__What you need to do__. Your copy should begin at the line containing "Portrait of unhappy" and end at the last line of the records; transcribe those lines exactly and leave out every picture.

__Available data__.

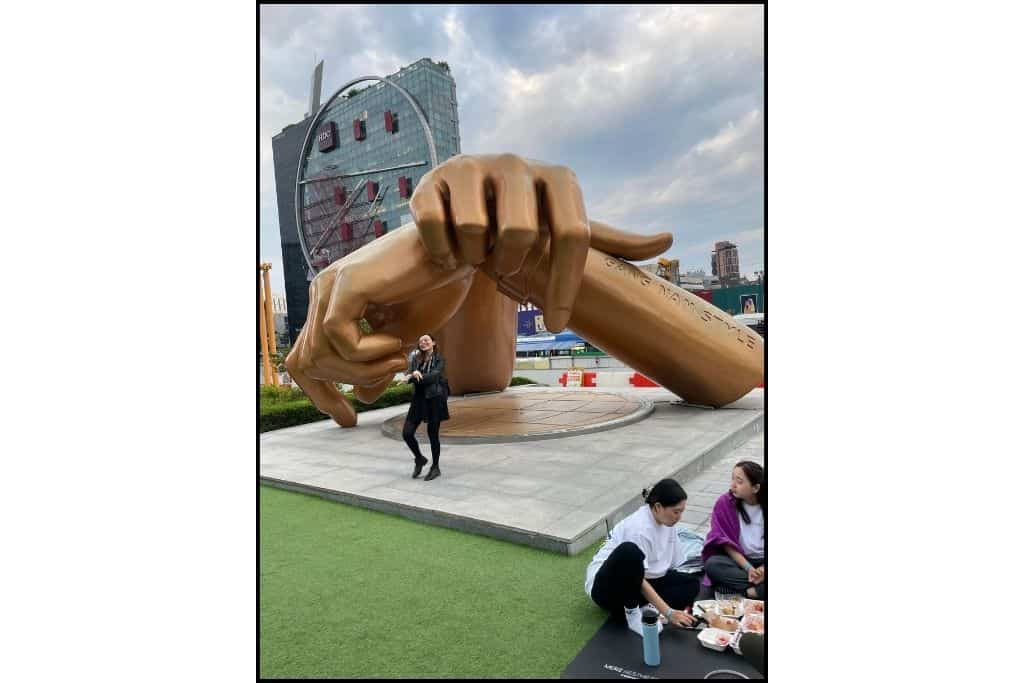 A large bronze colored statue of the Gangnam style hands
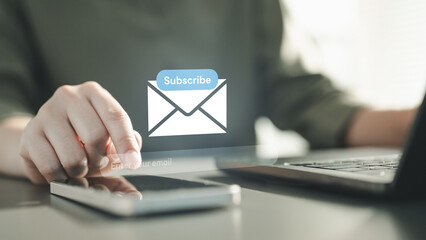 newsletter, signup, form, email, subscribe, A person tapping a smartphone to enter an email for a newsletter subscription, symbolizing digital engagement, lead generation, and online marketing.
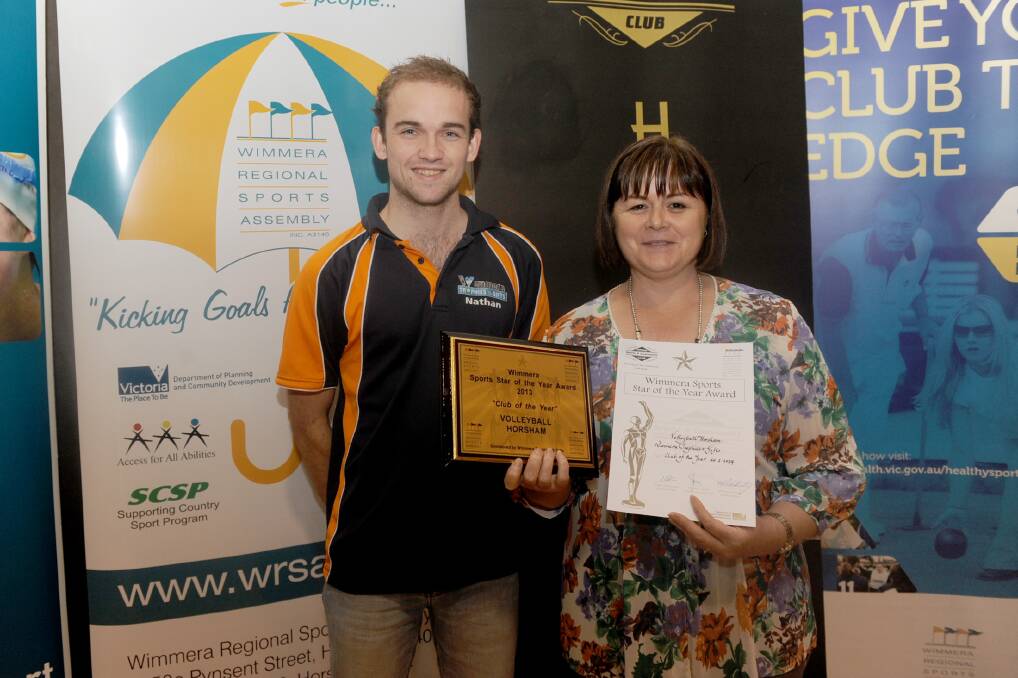 CLUB OF THE YEAR: Volleyball Horsham representative Nathan Berry accepts the award from Anne Radford.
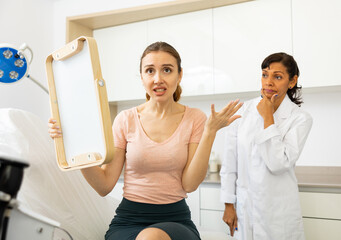 Portrait of unhappy worried woman after cosmetological procedure at clinic of esthetic medicine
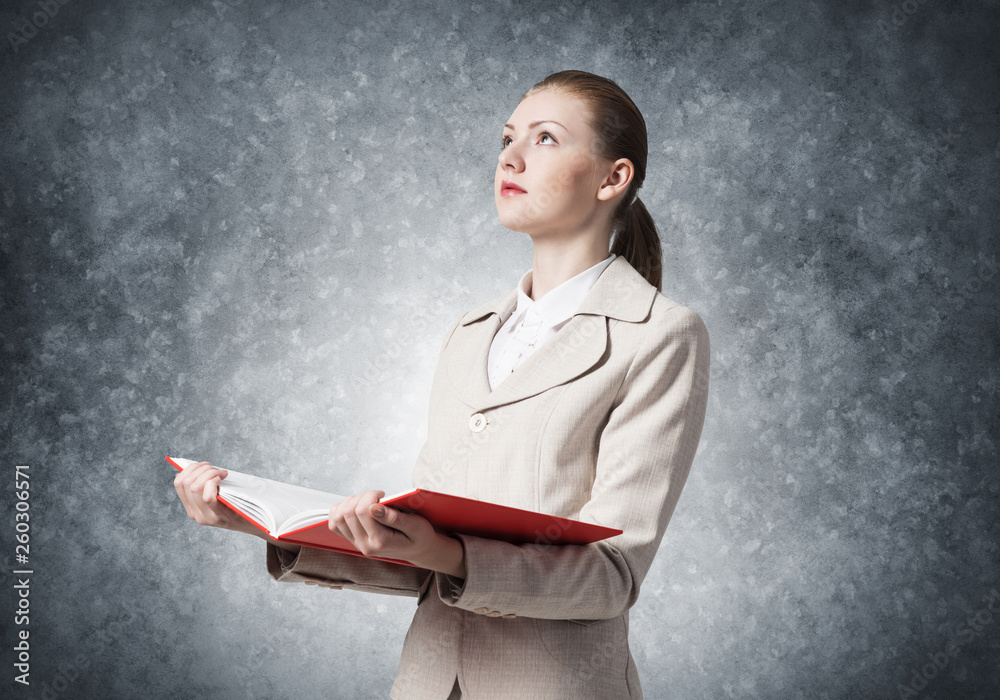 Attractive woman holding open notebook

__Solution for this task__.
 Portrait of unhappy worried woman after cosmetological procedure at clinic of esthetic medicine
 Attractive woman holding open notebook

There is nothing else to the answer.